#### [Description of the task]
The result should be an exact copy of only the lines from the one holding "The new Adobe" through the last line of the data below, please, without pictures.

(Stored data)

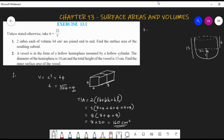We need to find the inner surface area of the vessel. The inner surface area equals the sum of the curved surface areas of the two basic 3D figures: CSA of hemisphere + CSA of cylinder. The formula for CSA of a hemisphere is 2πr² and for a cylinder it is 2πrh.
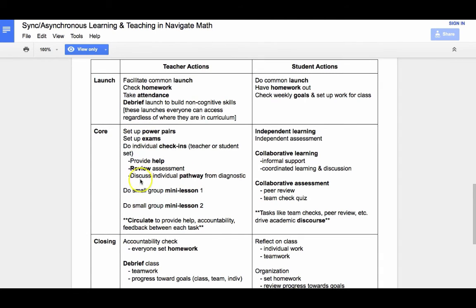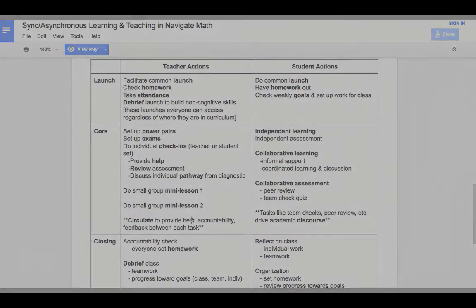This all happens perhaps within the first ten minutes of class, although this entire model is flexible and modular depending on need.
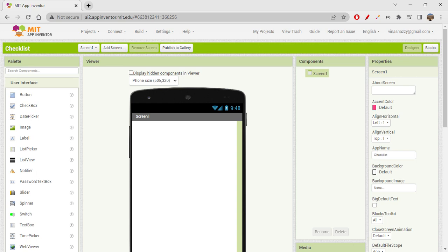You can add as many tasks as you want into this app, and whenever you're done with a task you can just click on it to remove it from the list. Likewise, you can create any number of tasks, and once you're done with all the items you can add more and create another checklist. Let's see how to create this checklist app.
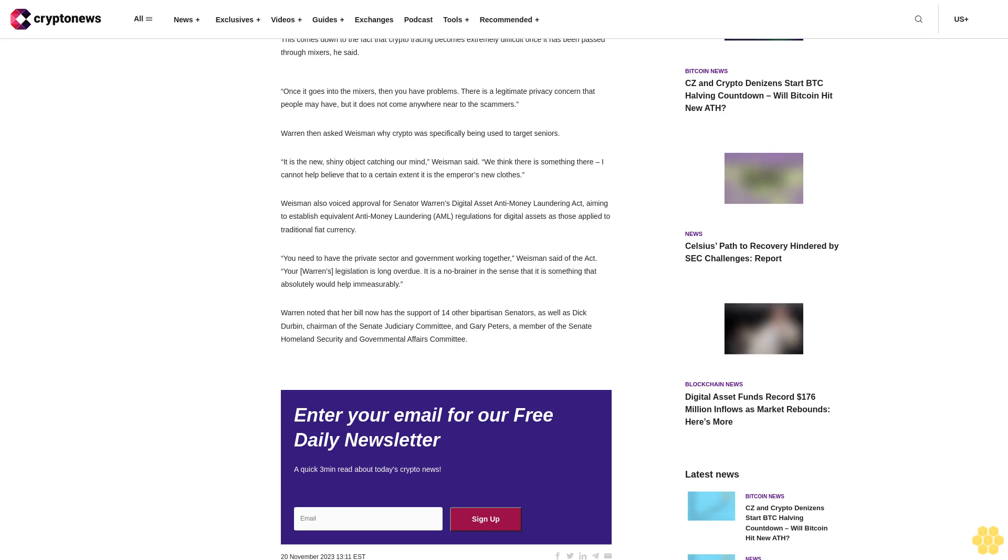Warren noted that her bill now has the support of 14 other bipartisan senators as well as Dick Durbin, chairman of the Senate Judiciary Committee, and Gary Peters, a member of the Senate Homeland Security and Governmental Affairs Committee.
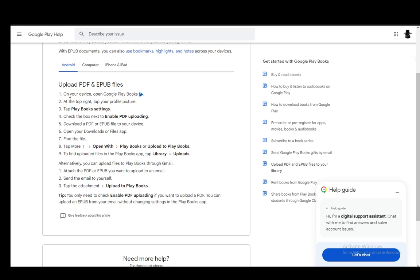Now, on Android, you just have to open up Google Play Books and in the top right, tap on your profile picture. This will open up a menu and from there, you need to tap on Play Books settings.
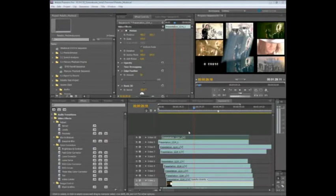The new Adobe Mercury Playback Engine inside of Premiere Pro CS5 provides blindingly fast performance that takes advantage of the latest hardware available.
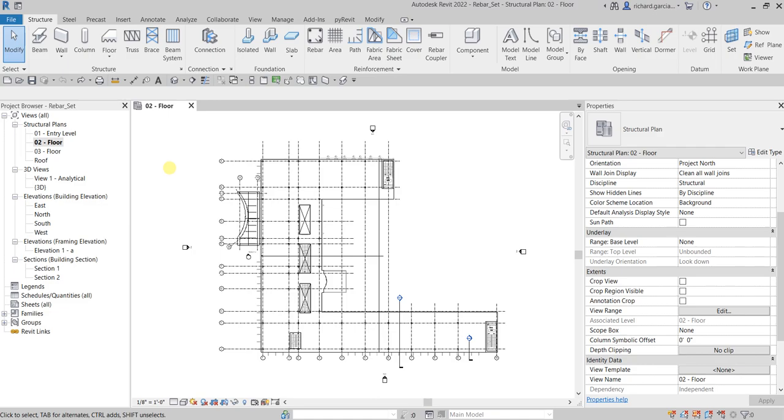What's up guys, Learning with Rich here. In this video I'm going to show you how to create a rebar set in our model, and then after that I'm going to show you another way of viewing your rebar set in a 3D view.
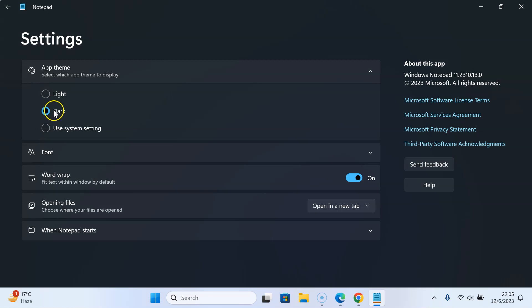You can see it's now selected and we have dark theme enabled in Notepad app. If I go back, you can see it's enabled.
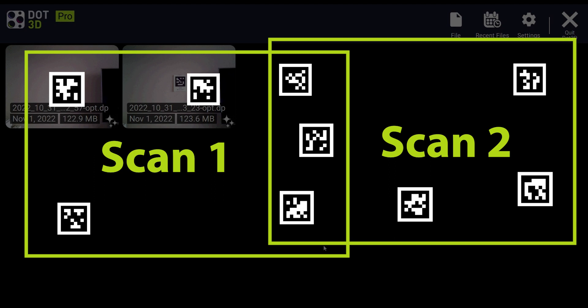While there are, of course, limitations to how far you're going to spread them out within this overlapping section, it is important to space them as much as you can and put them at those different elevations. What you really don't want to do is just put three April tags right next to each other and rely on that for registration because it will be much less accurate than if they were scattered a little bit further apart.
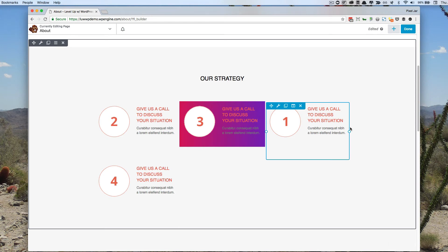So just in the same way that we manipulate our rows with Beaver Builder all the time, we can also manipulate the columns.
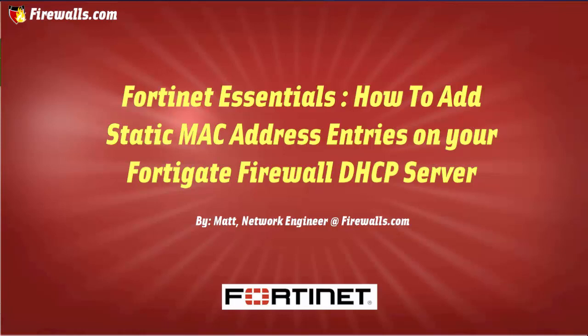This is useful if you have a device that a lot of users connect to, such as a printer or file server. It'll make sure that device always attains the same IP to make it easier for your users to connect to it.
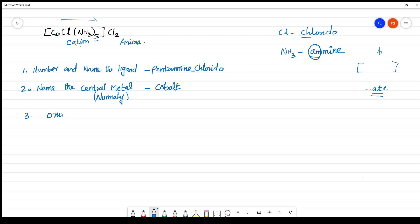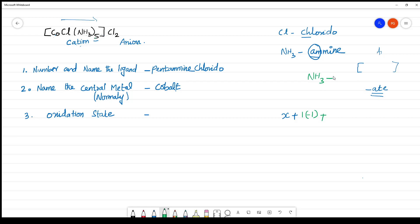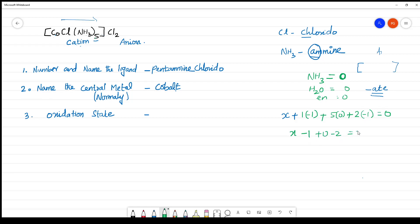Next, calculate the oxidation state of cobalt. Let cobalt be x. You have 1 chlorine at minus 1, and NH₃ is a neutral ligand with charge 0. NH₃, H₂O, and EN are all neutral ligands. So: x + (1 × −1) + (5 × 0) = 0, which gives x − 1 − 2 = 0, so x − 3 = 0, meaning x = 3. The oxidation state of cobalt is 3.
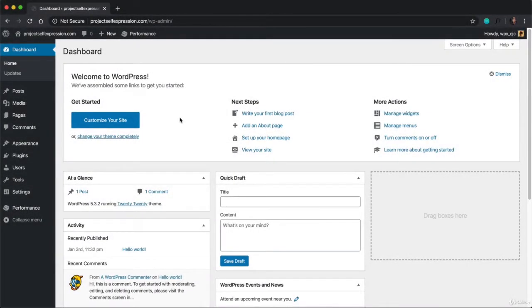In this video, I'm going to walk you through step-by-step exactly how to purchase and install the WordPress page builder Thrive Architect onto your new WordPress site.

#### [Written answer]
The new Adobe Mercury Playback Engine inside of Premiere Pro CS5 provides blindingly fast performance that takes advantage of the latest hardware available.
What's up guys, Learning with Rich here. In this video I'm going to show you how to create a rebar set in our model, and then after that I'm going to show you another way of viewing your rebar set in a 3D view.
You can see it's now selected and we have dark theme enabled in Notepad app. If I go back, you can see it's enabled.
While there are, of course, limitations to how far you're going to spread them out within this overlapping section, it is important to space them as much as you can and put them at those different elevations. What you really don't want to do is just put three April tags right next to each other and rely on that for registration because it will be much less accurate than if they were scattered a little bit further apart.
So just in the same way that we manipulate our rows with Beaver Builder all the time, we can also manipulate the columns.
This is useful if you have a device that a lot of users connect to, such as a printer or file server. It'll make sure that device always attains the same IP to make it easier for your users to connect to it.
Next, calculate the oxidation state of cobalt. Let cobalt be x. You have 1 chlorine at minus 1, and NH₃ is a neutral ligand with charge 0. NH₃, H₂O, and EN are all neutral ligands. So: x + (1 × −1) + (5 × 0) = 0, which gives x − 1 − 2 = 0, so x − 3 = 0, meaning x = 3. The oxidation state of cobalt is 3.
In this video, I'm going to walk you through step-by-step exactly how to purchase and install the WordPress page builder Thrive Architect onto your new WordPress site.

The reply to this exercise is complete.